Lunch at The Enchantment Resort- an enchanting experience indeed
After an early morning, a longish trip in the van, and an afternoon of hopping around from vineyards to wine tasting rooms, our group arrived ravenous for a late lunch at The Enchantment Resort in Sedona. Chef Ted Cizma may never had fed so appreciative a group of diners.
We were welcomed at the resort’s Yavapai Restaurant (named for one of the local native tribes) with Prickly Pear Margaritas, a real treat, but we were ready, without delay, to dig into the luscious food Cizma and his sous chef were cooking right at table in front of us.
Cizma actually offered us a slight apology, saying the menu was in transition, as he was new to the restaurant. Really- he needn’t have bothered, the food was outstanding. He explained that he was in the process of incorporating indigenous foods into the menu, like his Cast Iron Skillet Roasted Scallops with Heirloom Bean Succotash. I’m not a fan of scallops, but I had to try this- along with his salad of Roasted Baby Heirloom Beets, Root Spinach, Beet Vinaigrette and Salted Sheep’s Milk Ricotta.

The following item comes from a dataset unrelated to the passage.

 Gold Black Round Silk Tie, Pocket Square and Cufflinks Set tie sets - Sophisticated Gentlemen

And then there was the Alaskan Halibut with Smoked Pepper and White Bean Ranchero, and the House Cured and Braised Pork with Ancho Chili Root Beer Glaze (which btw, was much more to my liking than the too sweet pork belly we had just the night before). Which was my favorite? Hmmmm…I’m not quite sure. Let me get a second serving of the halibut- and the pork. Did I mentioned I was famished after a long day of wine tasting?

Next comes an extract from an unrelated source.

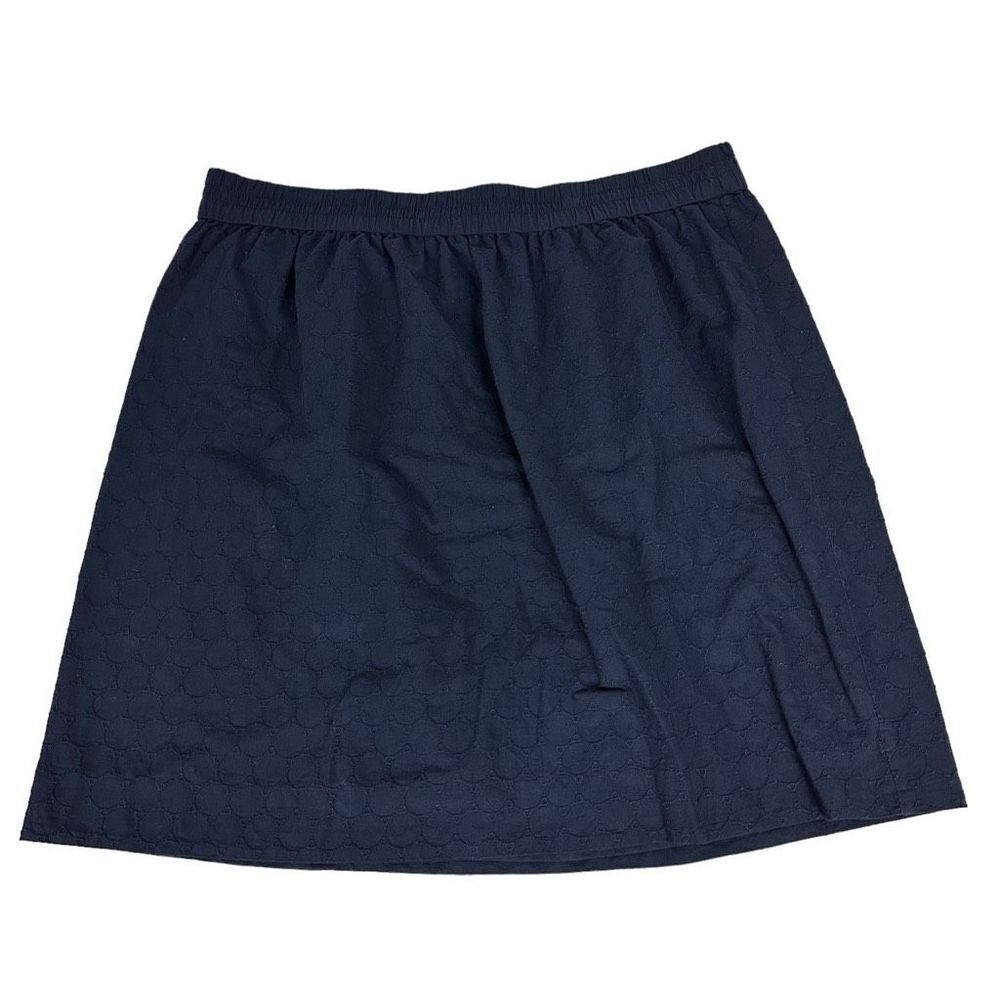 Talbots Textured Circle Cotton Navy Skirt size Large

Outside the window at the restaurant we viewed the beautiful Boynton Canyon, surrounded by the stunning red rocks of Sedona- an enchanting place indeed. My friend Greg of SipptySup said afterwards, when I related the day trip to him, “I can’t remember if Ive ever been to Sedona.”

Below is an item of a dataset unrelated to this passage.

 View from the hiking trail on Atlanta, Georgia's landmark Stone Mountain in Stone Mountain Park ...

“Greg,” I said, “if you’d been to Sedona, you’d remember it.”
To finish our lovely lunch- a little glass of a dense Chocolate Mousse, with a chunk of chocolate embedded in it and topped with a sugared and spiced pecan. Ahh- now I can face the long ride back to Phoenix.
Chef Cizma was gracious enough to share his signature recipe for the Braised Pork with me. It uses a cut of meat new to me- Karubi style pork ribs- short ribs, Korean barbecue style, served without the bones.
Slow Braised Pork Short Ribs with Root Beer Glaze
For the pork:
- 2 pounds of Karubi style pork ribs
- 1 onion, large dice
- 3 stalks celery, large dice
- 1 carrot, large dice
- 10 garlic cloves, peeled
- 2 cups of tomato paste
- 1 tablespoon cumin seed, toasted and ground
- 1 tablespoon dark chili powder
- 1 tablespoon ground mustard seed
- 2 whole Ancho chiles
- 2 quarts Root Beer
- 2 cups strong brewed coffee
- 2 tablespoons vegetable oil
- Coarse sea salt or kosher salt
- Season the pork with the salt, cumin, chili powder and mustard. Heat a heavy bottomed pot over a medium flame, add the vegetable oil. Brown the seasoned pork on all sides. Add the tomato paste, garlic, onion, celery, carrot and Ancho chiles to the pot. Continue to cook another 2 minutes, stirring vegetables.
- Add the root beer and coffee to cover the meat. Bring to a simmer, cover the pot and place in a 275 F oven. Cook for 3-4 hours, until pork is falling away from bone. Remove pork from liquid.
For the Glaze:
- Strain braising liquid through a fine sieve and refrigerate. When liquid has cooled, remove solidified fat from top.
- Reduce the braising liquid to glaze consistency. Reheat pork in a 400 F oven for 8-10 minutes or until hot all the way through. Spoon glaze over the top. Garnish with baby cilantro.
Serves 6 as a small plate, and 4 as an entrée.